* [WORK TO COMPLETE] Include no pictures. Output exactly the lines from the one that contains "Girl on Girl - radiantstwo" through the final line of the entries.

* [PROVIDED INFORMATION]

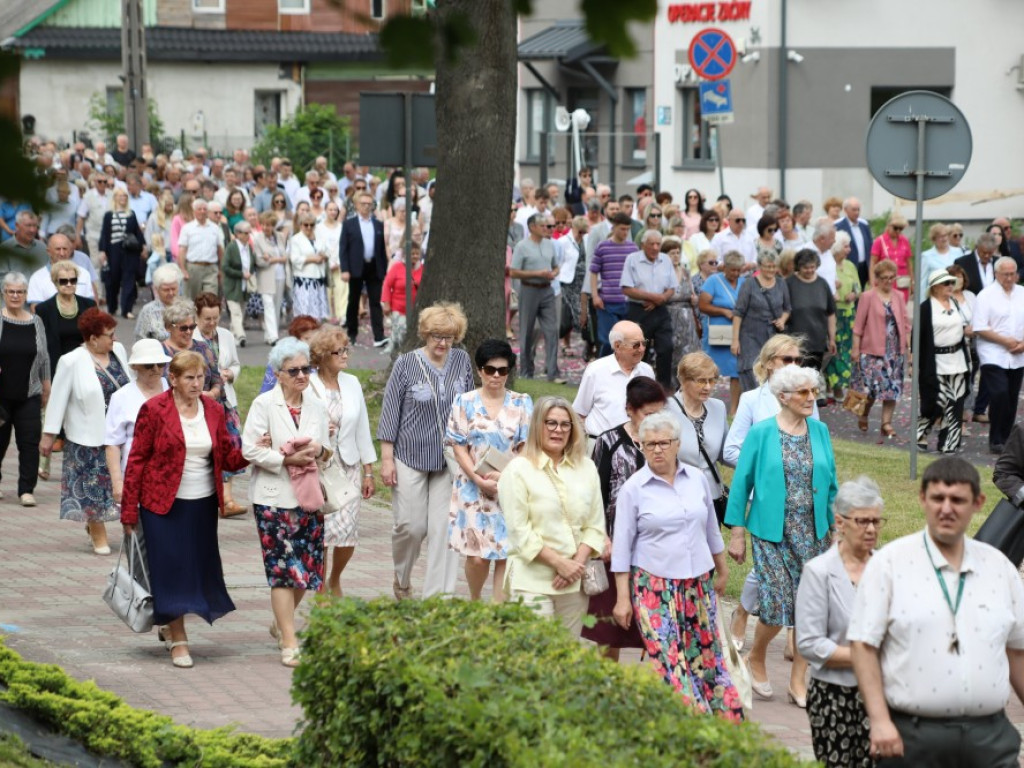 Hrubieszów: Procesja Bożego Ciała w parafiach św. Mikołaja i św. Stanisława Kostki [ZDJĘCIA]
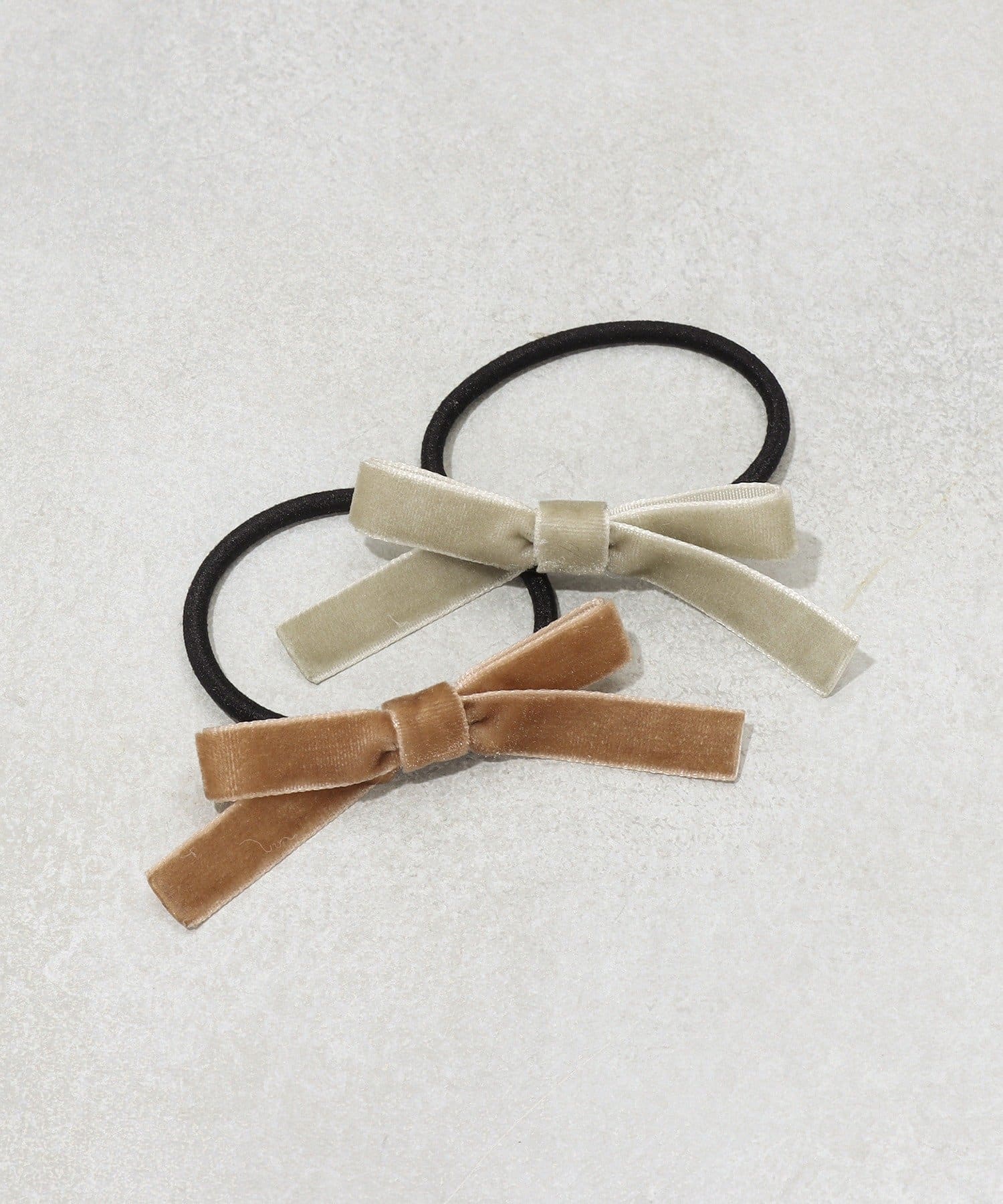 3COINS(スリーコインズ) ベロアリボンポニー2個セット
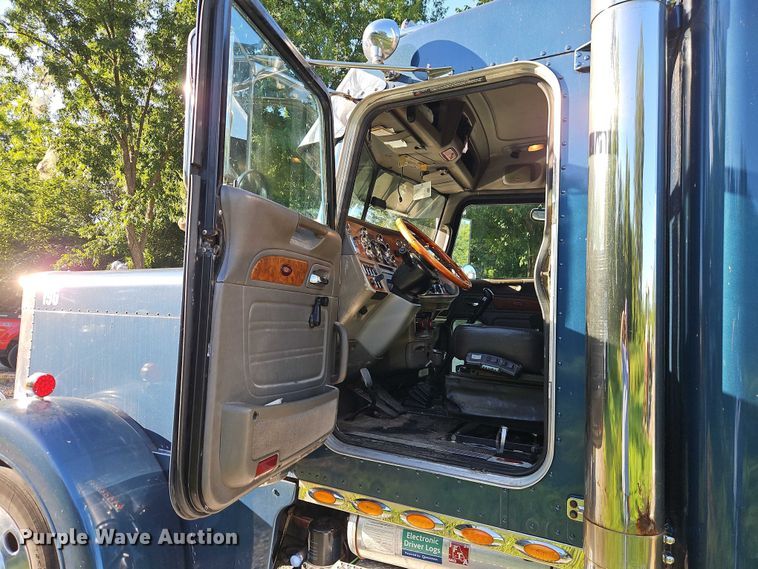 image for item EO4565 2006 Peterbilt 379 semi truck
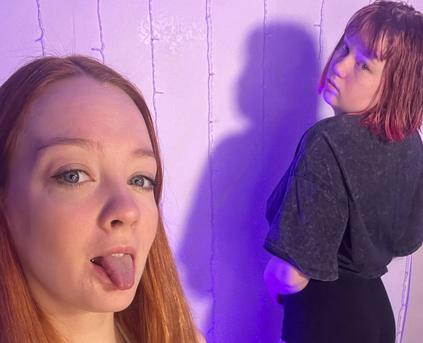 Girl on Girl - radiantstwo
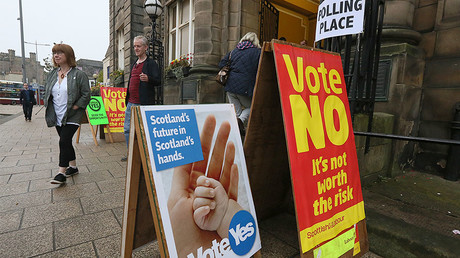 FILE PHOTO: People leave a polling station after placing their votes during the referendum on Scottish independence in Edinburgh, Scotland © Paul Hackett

* [EXPECTED OUTPUT]
 Girl on Girl - radiantstwo
 FILE PHOTO: People leave a polling station after placing their votes during the referendum on Scottish independence in Edinburgh, Scotland © Paul Hackett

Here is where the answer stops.